For years, software designers at the Redmond-based technology giant were frustrated when consumers and business users would request various new features and functionality in Microsoft Word. Not because they weren’t willing to offer new things, but because in many cases (I’ve heard as high as 90 per cent of the time) the features and functionality were already there.
That’s why the company eventually built what was known as the ribbon, which tried to make those various tools and buttons more easy to discover by organizing them in a new way. Some people loved these changes. Some found them even more confusing. In the end, though, people kept using Word, the same way they’ll probably keep using Windows.
Of course, Windows 8, with its tile-based design, is a sea change in user interface compared to the ribbon, which is why the market’s reaction has been so hotly anticipated by tech watchers. The updates that were announced this week, part of a packaged code-named Blue, have been widely interpreted as an admission of failure on Microsoft’s part. This, despite Microsoft selling a reported 100 million licences of Windows 8 sold so far. The most generous characterization I’ve heard is that Blue will help address a “learning curve” people have experienced in moving to the more dynamic navigation of squares and rectangles.
Mark Tauschek is one of those people. Although the analyst at London, Ont.-based Info-Tech Research Group is pretty tech-savvy and has seen some 20 years’ worth of operating system refreshes, he admits he took a full day to get Windows 8 set up the way he liked it and a full week figuring out the ins and outs of the platform. “If that’s what it was like for me, I would think it would be a little jarring for other people,” he said.

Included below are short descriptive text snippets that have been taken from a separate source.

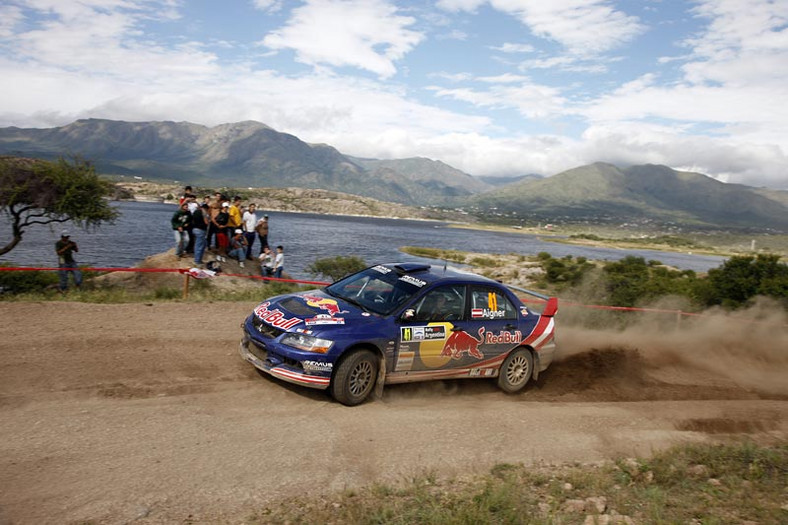 Rajd Argentyny 2008: Loeb zdecydowanym liderem (I. etap)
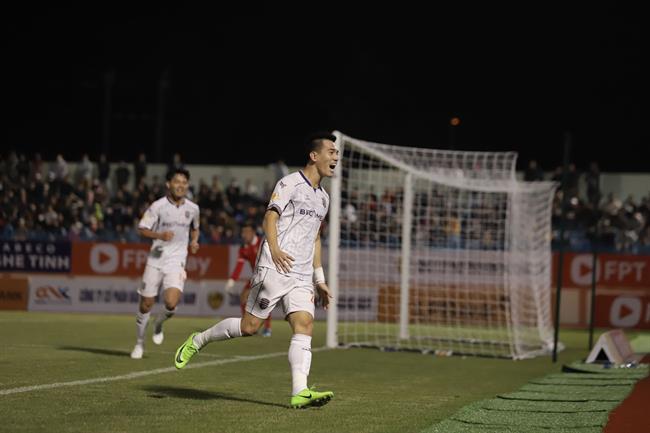 Nguyễn Tiến Linh đạt cột mốc ấn tượng trong sự nghiệp 1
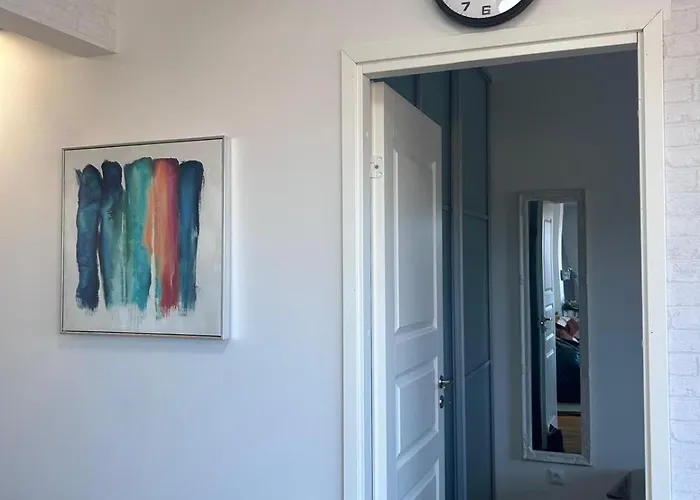 דירה Stella's - Center - Free Secure Parking - Big Sun Terrace - Air Conditioning - Wifi - Tram To The Bus Station And Old Town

Not long before Windows 8 launched, I had an opportunity to hear a talk just outside of Washington where Chris Bernard, Microsoft’s “chief experience evangelist” explained to developers the thinking behind the design. He pointed out that unlike previous versions of Windows, this OS had to take into account an increasingly mobile customer base. That’s why the live tiles approach was deployed across desktop, tablet and smartphone versions of its platform. The whole point was to make things more intuitive, not less. “We wanted to let go of our ‘digital selves’ and spend more time trying to represent the way the real world works,” he said.
On a touch-based device, Microsoft has achieved that goal, according to Tauchek. For desktop users – and there’s still a lot of them out there – it might be a different story. “They kind of went overboard,” he said. “Hopefully, with this update they’ll bring back a traditional “start” button and a few Windows 7 elements so that people can get used to the UI at their own pace, so it doesn’t feel like it’s being inflicted upon them.”

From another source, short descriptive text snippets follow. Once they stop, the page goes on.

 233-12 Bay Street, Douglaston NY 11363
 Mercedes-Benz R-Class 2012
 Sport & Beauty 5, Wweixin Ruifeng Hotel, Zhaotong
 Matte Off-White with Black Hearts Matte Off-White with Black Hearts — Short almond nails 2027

You could interpret Blue as a sign that Windows 8 flopped, but isn’t incorporating feedback and offering improvements what good companies are supposed to do? And if the live tiles might seem a bit before their time, consider the market challenges Microsoft has faced. It is being outpaced by Apple and Android on mobile devices and is still recovering from the poor uptake of Windows 7’s processor, Windows Vista. You could almost say Windows 8 has been to Microsoft what the Z10 was to BlackBerry: an attempt to demonstrate renewed innovation even at the risk of alienating core loyalists.

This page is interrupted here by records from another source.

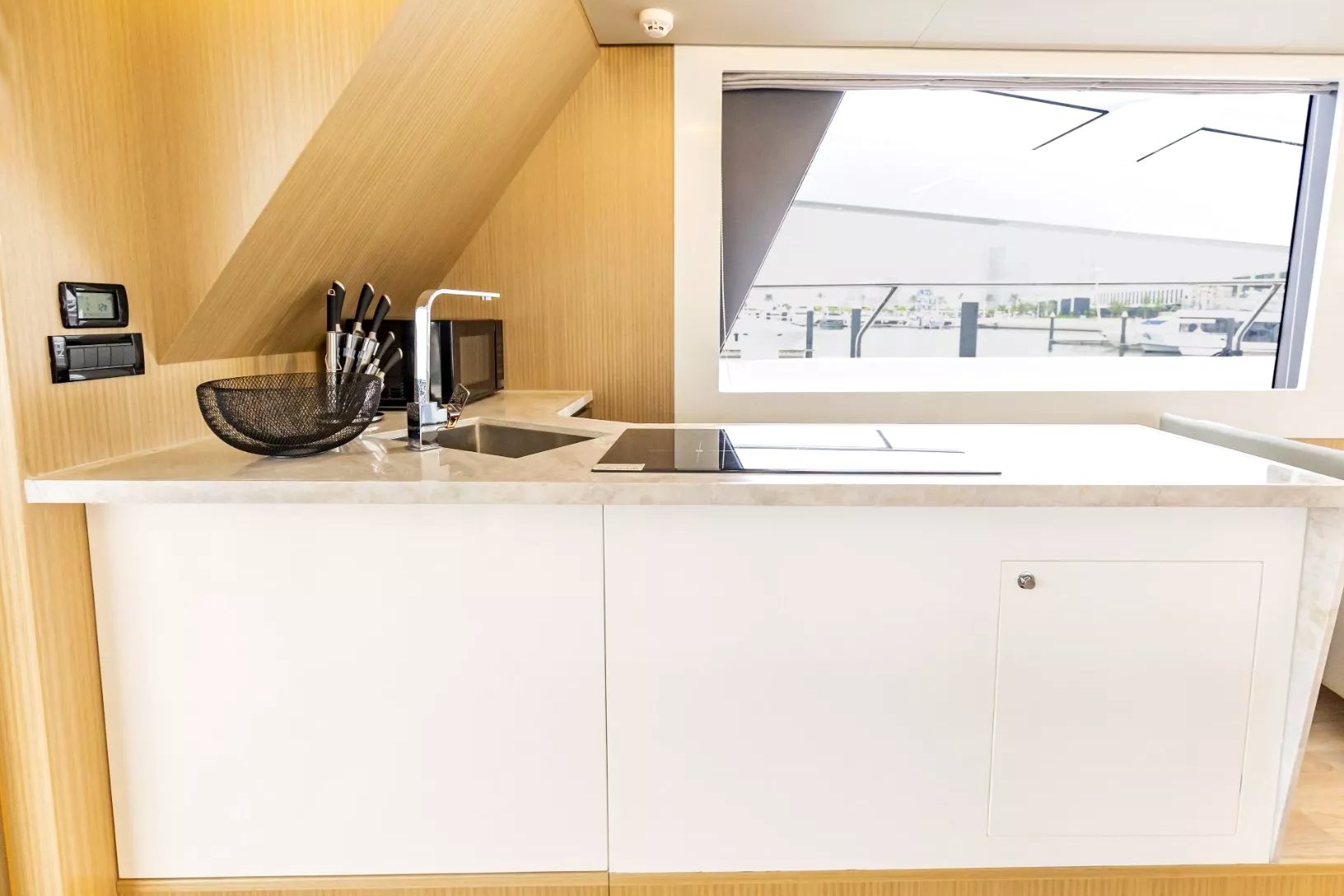 Sky Walker Infinity yacht, image 3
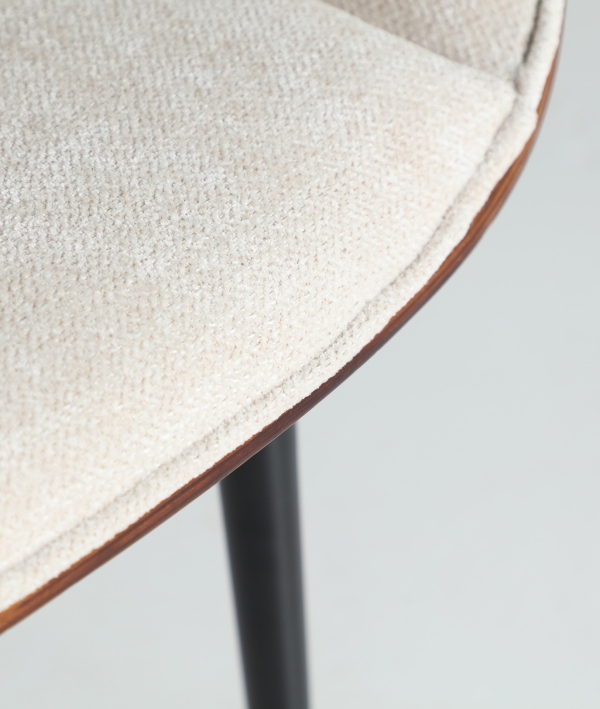 Diseño que abraza, confort que se nota y materiales que marcan la diferencia. Tu silla perfecta en Artisa, de camino a tu hogar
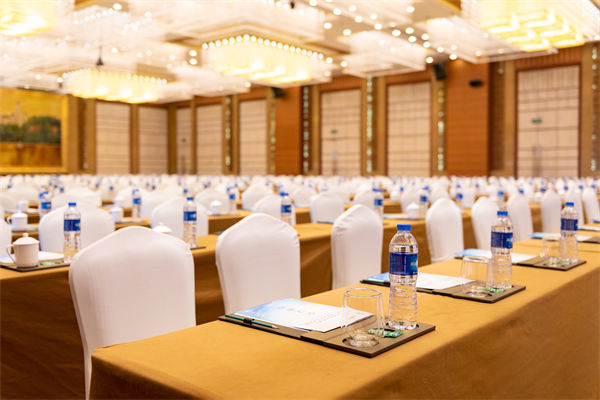 兩會(huì)熱議破解企業(yè)“生長痛”，對企業(yè)戰(zhàn)略管理有何啟示？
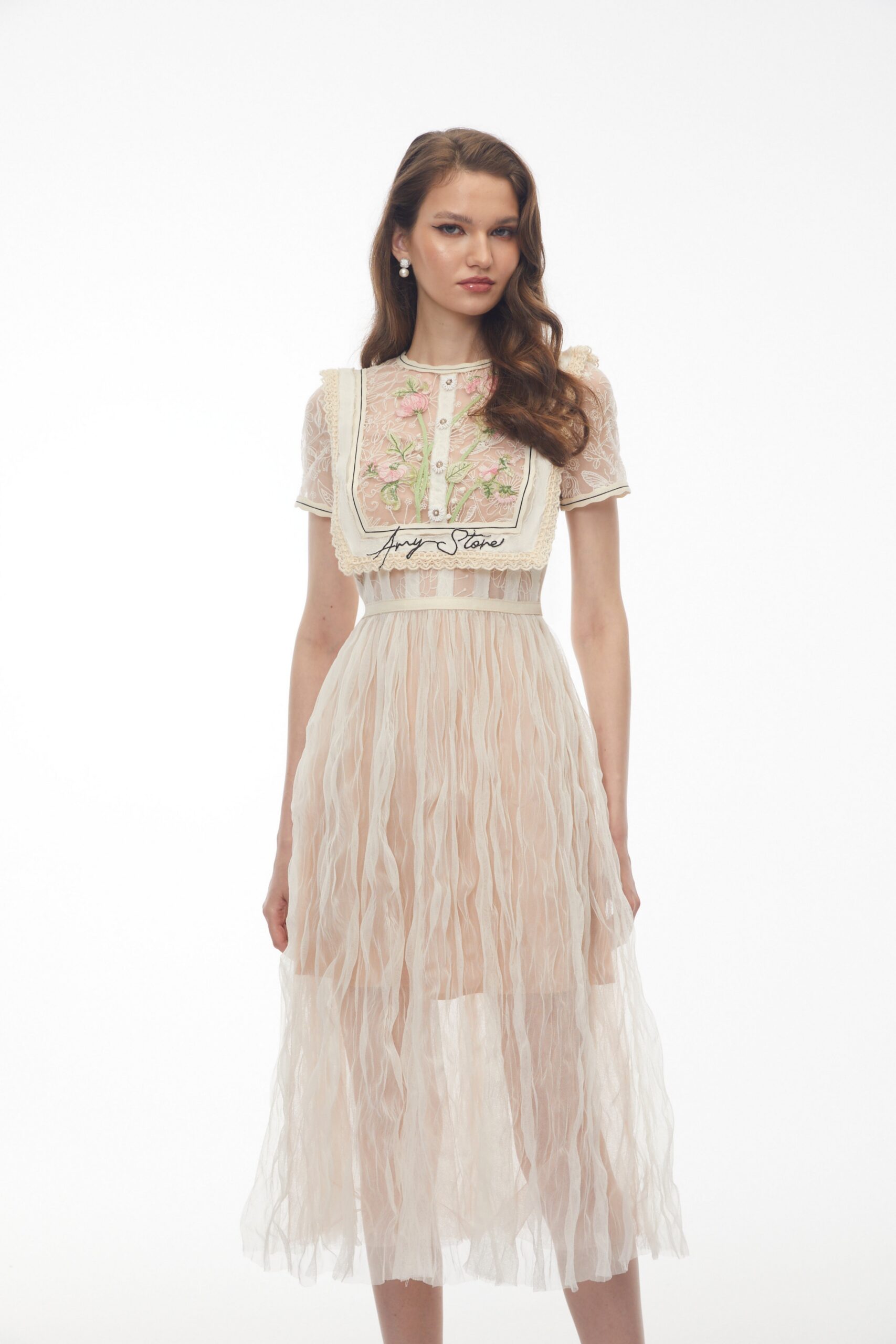 WENDY WHITE FLORAL EMBROIDERED MAXI DRESS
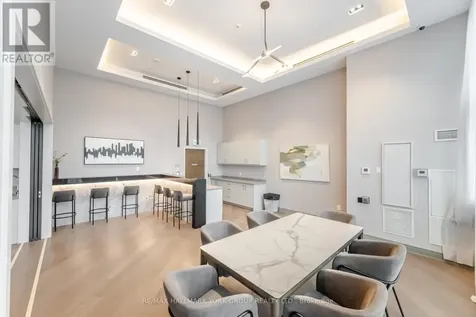 100 Eagle Rock Way Vaughan ON L6A 5B9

There will always be a delicate balance to strike between meeting user expectations while not pushing them too far out of their comfort zone. The most-used products will always be works in progress. Even the best-intentioned ribbons can unravel if people aren’t ready for them. This is how the software industry works. Microsoft may have to go through a Blue period before more customers are ready to give Windows 8 the green light.